I have the hardest time being present with my friends and family without getting interrupted by business calls and emails. I’m afraid to turn my phone off and take a chance on missing an important call, text or email from a current or potential client, but I know it annoys my family. I don’t want to annoy them, but we need my income to provide for our family. I need to find the balance! Any tips?
Finding work/life balance is one of the hardest parts of owning your own business! I suggest setting ‘business hours’ for your studio. You can relay these hours to clients via your voicemail message, website, setup an automatic response to all clients stating your office hours, etc.. This allows you to have a life and some time to yourself and also gives your clients parameters on when to expect to hear from you. I also *try* to take 1 or 2 days off a week to disconnect. It’s definitely hard to do but in the height of wedding season you need some time to unwind and remove yourself from the business. It’s hard to make the change when everything is so accessible on your mobile phone, but it is important to set a work/life balance or you will burn out! You and your family and friends will be happier because of it!

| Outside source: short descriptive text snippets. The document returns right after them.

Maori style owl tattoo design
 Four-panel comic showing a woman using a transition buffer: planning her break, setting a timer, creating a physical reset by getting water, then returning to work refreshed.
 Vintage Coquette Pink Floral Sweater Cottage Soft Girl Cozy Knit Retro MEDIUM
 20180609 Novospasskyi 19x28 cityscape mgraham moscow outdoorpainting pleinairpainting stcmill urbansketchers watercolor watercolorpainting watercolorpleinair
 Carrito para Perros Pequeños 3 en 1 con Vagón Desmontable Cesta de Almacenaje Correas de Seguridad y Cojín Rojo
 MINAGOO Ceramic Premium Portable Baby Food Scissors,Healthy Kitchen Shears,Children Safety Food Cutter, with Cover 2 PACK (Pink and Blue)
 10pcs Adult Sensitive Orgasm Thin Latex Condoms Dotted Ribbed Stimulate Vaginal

Beth Zemetis (Blush Floral Design)
I think it’s important not to equate being available 24/7 with being able to provide income for your family. Creating healthy boundaries around your work is essential for you to have a sustainable business and one that REALLY benefits you and your family. So just go ahead and turn off your phone. If you need to, you can create a voice mail message or email auto-responder that articulates when a client can reasonably expect to hear from you so you’re managing their expectations.
Clare Day (Clare Day Flowers)
Just turn your damn phone off. Do you really want clients who think you should answer their call/text at 11 PM?
Jennie Love (Love ‘n Fresh Flowers)
No answer – balance in one’s life is difficult to do when you are working really hard for a living…
Balancing family life and an entrepreneurs life is a definite struggle, and I think we all fight there. When it comes to managing communication with potential clients here is my strategy: My phone number is nowhere to be found on my website. The only way people can contact me is through my contact form. When they fill it and hit the “Send” button they automatically get a message saying I got the e-mail alright and will answer within a certain delay. That allows me to get a little bit of a time margin and manage potential clients expectations in terms of quick answer…
Laetitia Mayor (Floresie)
I think we are all a bit guilty of work/life imbalance. Now that we all carry our phones around with us all the time, it can be hard to disconnect from work, and fully engage with friends and family. Although I have been accused of obsessing over work, (or spending too much time on Instagram), I do have a few tips that may be helpful.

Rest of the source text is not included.